Scores of Nasa engineers, project managers and investigators gathered at the California Institute of Technology to watch nervously as the descent took place. There were occasional bursts of cautious applause as it passed critical points of peak heating and parachute inflation.


As the probe deployed its 12-metre supersonic parachute, the team clapped with relief.


But when the announcer said “touchdown confirmed” they jumped to the air, dancing and cheering.


As the dust settled two or three minutes later, Insight relayed the first image taken from one of its two cameras.

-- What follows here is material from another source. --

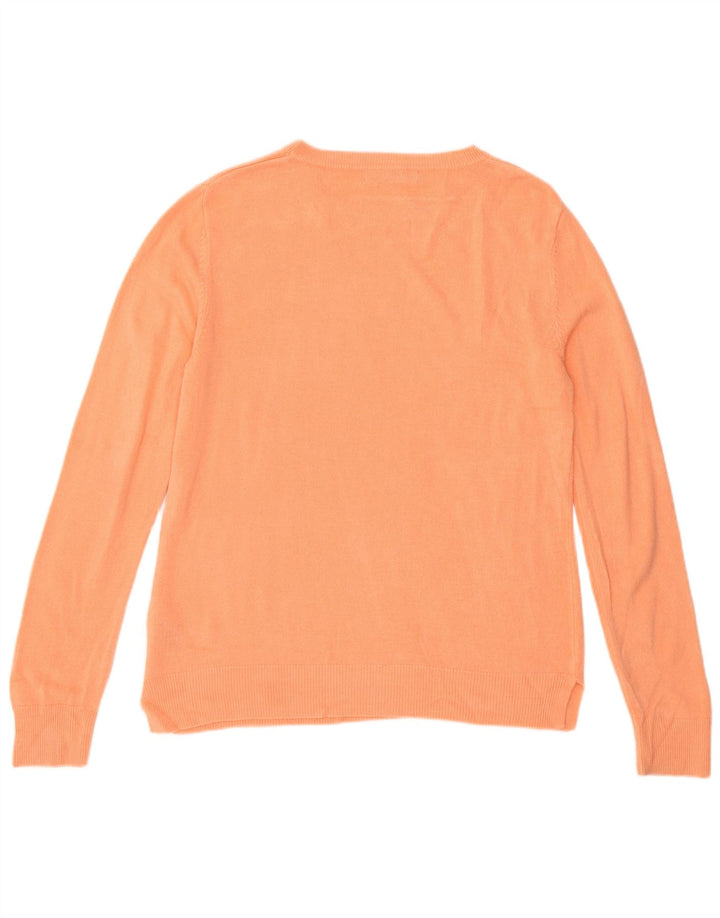 Maglione maglione girocollo da donna Marks & Spencer UK 12 Acrilico rosa medio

Commentators described the landing as “perfect” and “flawless”.


It was due to unfurl its solar panels within hours of the landing.


Over the next three months, Insight will deploy instruments designed to probe beneath the Martian surface before it begins to collect information about the planet's deep structure.


Three of those instruments were designed and built by engineers at Imperial College and Oxford University and will listen out for "Marsquakes" which could hint at the likelihood of previous life on the planet.


Over the course of two years, scientists expect to detect between a dozen and 100 of the tremors, which could range up to six on the Richter scale.


If successful, the three-legged probe, which launched from California on May 5, will help scientists learn about how rocky worlds like the Earth and Moon formed more than 4.5 billion years ago.


The remains of a liquid core could suggest that Mars once had a magnetic field, which would have protected it from harmful solar winds billions of years ago at a time when the planet was warmer and wetter and might have been capable of harbouring early life.


The UK Space Agency has invested £4 million in the probe's short period seismometer (SEIS-SP).


The British team, led by Professor Tom Pike at Imperial, said: "We should be listening for Marsquakes for at least two years, and we hope considerably longer.


"It is critical that we set down the instrument in the best place to ensure we're stable, and then follow up with adding a cover to shield our sensors from the wind."


Colleague Dr Neil Bowles, from Oxford University's Department of Physics, said: "The InSight SEIS-SP seismometer is one of the most sensitive and challenging instruments we have worked on for spaceflight in Oxford."


Only around four in 10 missions ever sent to the Red Planet have been successful - and they have all been US spacecraft.


The European spacecraft Schiaparelli smashed into the planet in 2016 after switching off its retro-rockets too early, scientists believe.


It was testing the landing system for a British-built rover to be launched on the second phase of the ExoMars mission in 2020.